What is Eczema?

Eczema is a severe form of dry skin, often appearing as a red, itchy rash. People with eczema are usually diagnosed when they’re young. Symptoms can become less severe over time.

The word “eczema” comes from a Greek word meaning “to boil over,” which is a fitting description. Eczema is visible on the surface, manifesting itself in dry, itchy painful skin and discomfort, but it originates from deeper within.

Think of a boiling pot of liquid left on the stove. As the liquid boils over, it leaves streaks on the outside of the pot – imagine eczema is those streaks. Just like how those streaks can be cleaned off with the right products, so too, can eczema be soothed. However a longer-term solution is more in line with figuring out how to reduce the temperature of the stove – discovering what is happening inside that’s “boiling over” in the form of eczema.

Dealing with eczema is two-fold. The first thing you can do is soothe it when it appears, using products such as Comfort Bear Bar, Triple Cream, Cutemol, and Moisture-All. This will help you cope with the day-to-day irritations associated with eczema. At the same time, be sure to focus on the second part, which is a more long-term approach that involves seeking answers internally – figuring out how to reduce the temperature of the stove.  Too often, eczema is an external manifestation of something deeper.

Wellness Tip

The cold and dry air of winter can cause dry skin, which can worsen your eczema. In addition, indoor heat can make dry skin even drier.  Humidifiers can help restore moisture in your home.

Seeing Eczema

Eczema can look, feel, and appear different for each person.  Sometimes, it even varies between flare-ups for the same person.  Generally, people with dry, sensitive skin can be more susceptible to developing eczema.

Itching can be the worst part. Indulging in scratching your eczema can lead to bleeding, which leads to even more inflammation, which leads to skin damage and more severe eczema. It’s a vicious cycle of discomfort and pain.

Eczema is categorized by its severity and triggers, and is sometimes referred to as atopic dermatitis. Use the slider below to learn more.

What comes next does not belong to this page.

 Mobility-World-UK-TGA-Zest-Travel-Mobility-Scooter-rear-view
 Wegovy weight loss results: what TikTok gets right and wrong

The type and severity of eczema can show up differently for each person. These are just a few of the more common ways it presents itself.

  • Red, inflamed skin
  • Intense itching
  • Scaly, flaking skin
  • Bleeding
  • Swelling, crusting, oozing
  • Dark patches of skin

Because eczema can vary in its shape, size, and severity between incidents, you may suffer differently and/or have multiple symptoms throughout your experience with the condition.

If you have sensitive, dry skin that has worsened and any of the above symptoms, it could be eczema. You should treat your eczema both externally and internally.

Types of Eczema

Atopic Dermatitis is the most common form of eczema.  Atopic Dermatitis can occur at any age, but often starts in childhood.   This is the kind of dermatitis often affects people who have a family history of dry skin, asthma, hay fever, and/or common skin issues that allow too much moisture to escape – which lets skin dry faster and eczema to take form. It can appear on the face, hands, feet, inner elbows, and behind the knees.

Contact Dermatitis is the kind of eczema that can show up after a substance damages your skin, like chemicals or frequent hand washing. It can also occur when you come in contact with an allergen, like certain clothes, cosmetics, or plants.

Dyshidriotic Dermatitis is an eczema that appears on the hands and feet, showing up as severe itching that can blister, scale, and crack.  Dyshidriotic Dermatitis can be chronic and painful.  The cause is unknown.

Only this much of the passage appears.